⟨
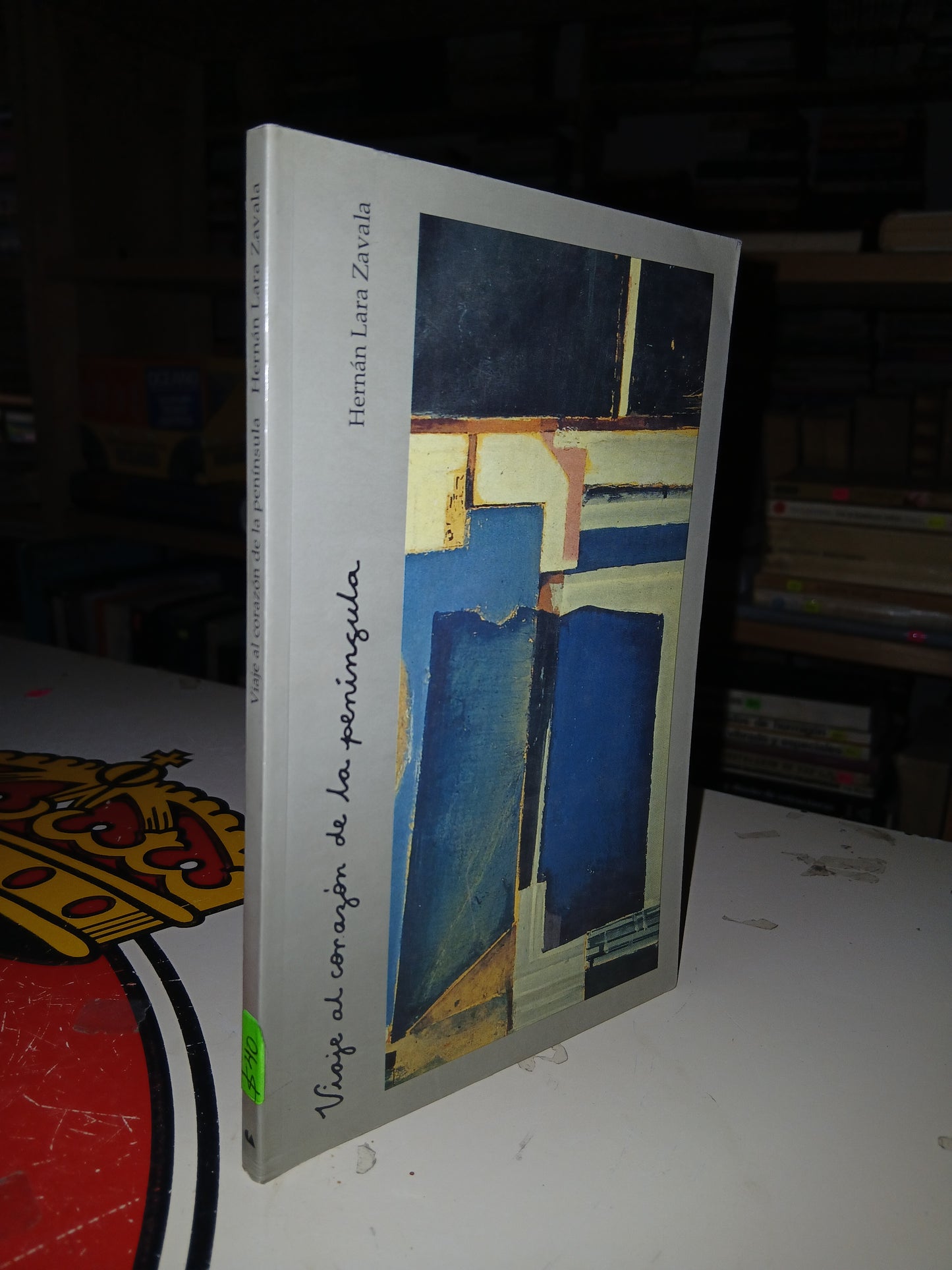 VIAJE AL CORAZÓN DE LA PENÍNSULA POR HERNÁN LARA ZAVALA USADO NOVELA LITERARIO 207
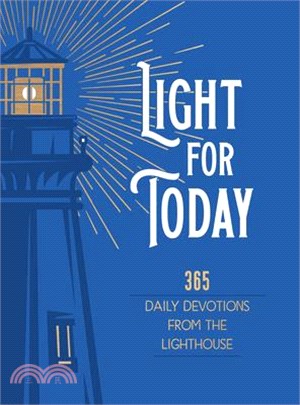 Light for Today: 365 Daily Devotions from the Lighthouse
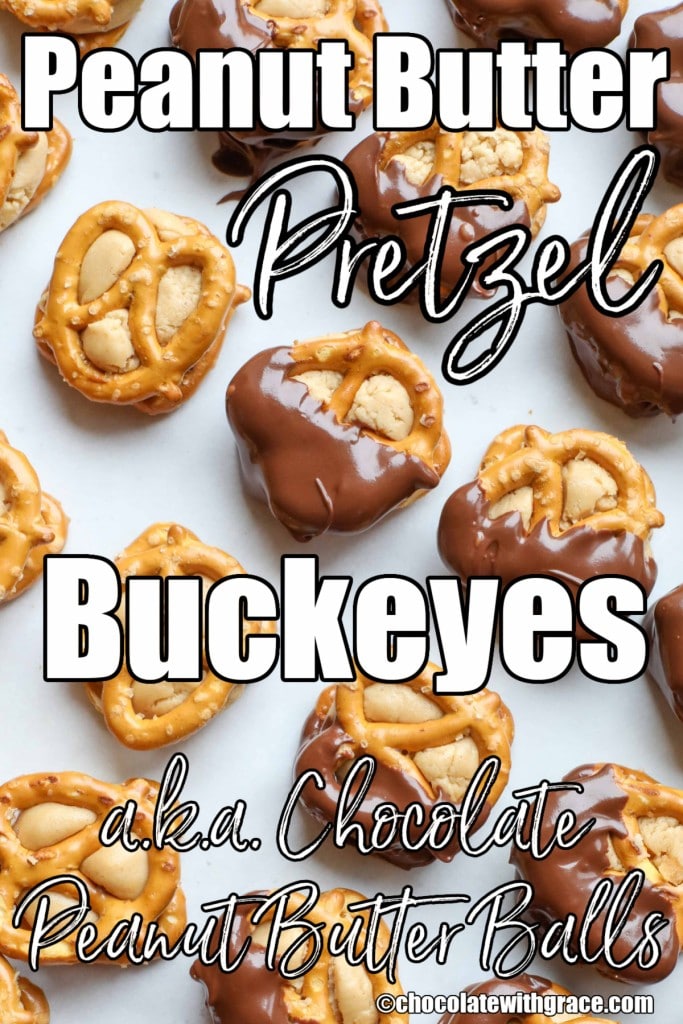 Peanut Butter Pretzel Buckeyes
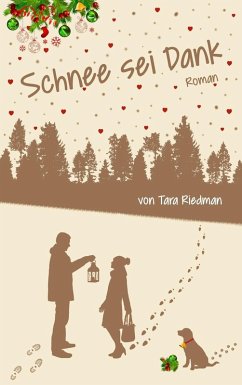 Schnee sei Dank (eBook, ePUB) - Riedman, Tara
⟩
Problem details -
Please print the line that contains "Light for Today: 365" along with every later line of the material, exactly, through the last one. Leave pictures out of the copy.

Response to this task -
 Light for Today: 365 Daily Devotions from the Lighthouse
 Peanut Butter Pretzel Buckeyes
 Schnee sei Dank (eBook, ePUB) - Riedman, Tara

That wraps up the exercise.